Sosialisasi politik dapat dipandang
sebagai suatu pewarisan pengetahuan, nilai-nilai dan pandangan-pandangan
politik dari orang tua, guru, dan sarana-sarana sosialisasi yang lainnya
kepada warga negara baru dan mereka yang menginjak dewasa.

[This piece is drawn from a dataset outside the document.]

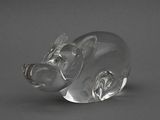 figurine de cochon en verre transparent posée sur une surface grise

- S.N. Eisentadt, dalam From Generation to Ganeration
Sosialisasi politik adalah
komunikasi dengan dan dipelajari oleh manusia lain, dengan siapa individu-individu
yang secara bertahap memasuki beberapa jenis relasi-relasi umum. Oleh Mochtar
Mas’oed disebut dengan transmisi kebudayaan.
- Denis Kavanagh
Sosialisasi politik merupakan suatu
proses dimana seseorang mempelajari dan menumbuhkan pandangannya tentang
politik.
- Alfian
Mengartikan pendidikan politik
sebagai usaha sadar untuk mengubah proses sosialisasi politik masyarakat,
sehingga mereka mengalami dan menghayati betul nilai-nilai yang terkandung
dalam suatu sistem politik yang ideal yang hendak dibangun. Hasil dari
penghayatan itu akan melahirkan sikap dan perilaku politik baru yang mendukung
sistem politik yang ideal tersebut, dan bersamaan dengan itu lahir pulalah
kebudayaan politik baru. Dari pandangan Alfian, ada dua hal yang perlu
diperhatikan, yakni:
pertama : sosialisasi politik hendaknya dilihat sebagai suatu
proses yang berjalan terus-menerus selama peserta itu hidup.
Kedua : sosialisasi politik dapat berwujud transmisi yang berupa
pengajaran secara langsung dengan melibatkan komunikasi informasi, nilai-nilai
atau perasaan-perasaan mengenai politik secara tegas. Proses mana berlangsung
dalam keluarga, sekolah, kelompok pergaulan, kelompok kerja, media massa, atau
kontak politik langsung.
Dari sekian banyak definisi ini
nampak mempunyai banyak kesamaan dalam mengetengah-kan beberapa segi penting
sosialisasi politik, sebagai berikut.
- Sosialisasi secara fundamental merupakan proses hasil belajar, belajar dari pengalaman/ pola-pola aksi.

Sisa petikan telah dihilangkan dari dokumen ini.